Indeed, to paraphrase by mother's first impression of the film, "Green Book" is like one of those "old-time" movies. Starring Mahershala Ali and Viggo Mortensen in roles that could have been played by Sidney Poitier and any of the notable Italian-American stars of the 20th century respectively, it's a message movie about racial harmony between a black man and a white man. Ali plays esteemed pianist Don Shirley, who is embarking on dangerous tour through the Jim Crow South and requires a driver/bodyguard to help him along the way. In steps Mortensen's Tony Lip, a brutish - and racist - Italian-American bouncer who is out of a job when his club closes down. Due to his reputation for handling unruly situations, Lip's services are solicited for Shirley's tour. And after some hesitation, Lip decides to take the gig, as this pair of New Yorkers head down South and strike up an unlikely friendship.

Much has been said about the film's old-fashioned depiction of race relations, where racism is essentially "solved" through communication and walking a mile in another person's shoes. Director Peter Farrelly even said as much his acceptance speech at the Golden Globes. Understandably, the film's detractors took issue with this simplification of America's tramautic racial history.

Yet when I watched the film, I found myself surprisingly taken with its story.
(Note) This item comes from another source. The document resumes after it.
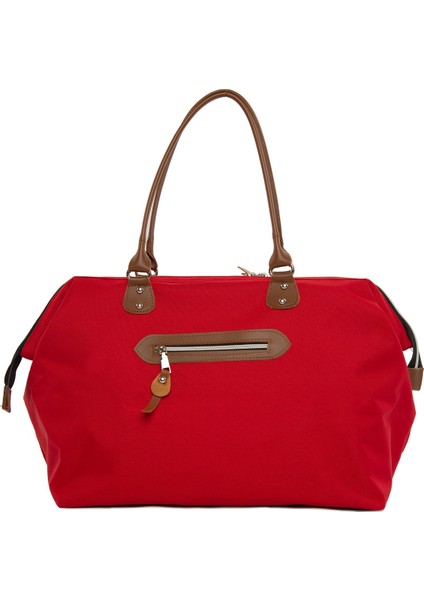 Kırmızı Baby Bag Baskılı Bebek Bakım Çantası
Although I concur that its inevitably happy ending is perhaps overly idealistic, the road it takes to get there is filled with many bumps along the way which truthfully reflect the pervasive intolerance of this time and place. Told in an episodic structure as the duo makes their way through the scheduled gigs, Shirley's experience is marred by a series of humiliations, one of which turns violent.

Suffice it to say, I didn't find it to be such an offensive portrayal of American history. Instead of approaching it as a broader social commentary, I accepted it as a more modest tale of two men whose friendship defied all expectations. Without a doubt, my favorable response to the film was aided significantly by the captivating duo at the heart of the story. The contrasting performances from Mahershala Ali and Viggo Mortensen truly make the film, with the former's poise and eloquence clashing with Mortensen's broad, crass characterization. Together, their chemistry is a "yin and yang" that keeps you engaged in the story and invested in the characters. Ultimately, "Green Book" won't be making any all-time best lists, but I found a sense of comfort in watching two talented actors at work. Outside of all the noise that is awards season, this is harmlessly middlebrow entertainment that doesn't deserve all this animosity.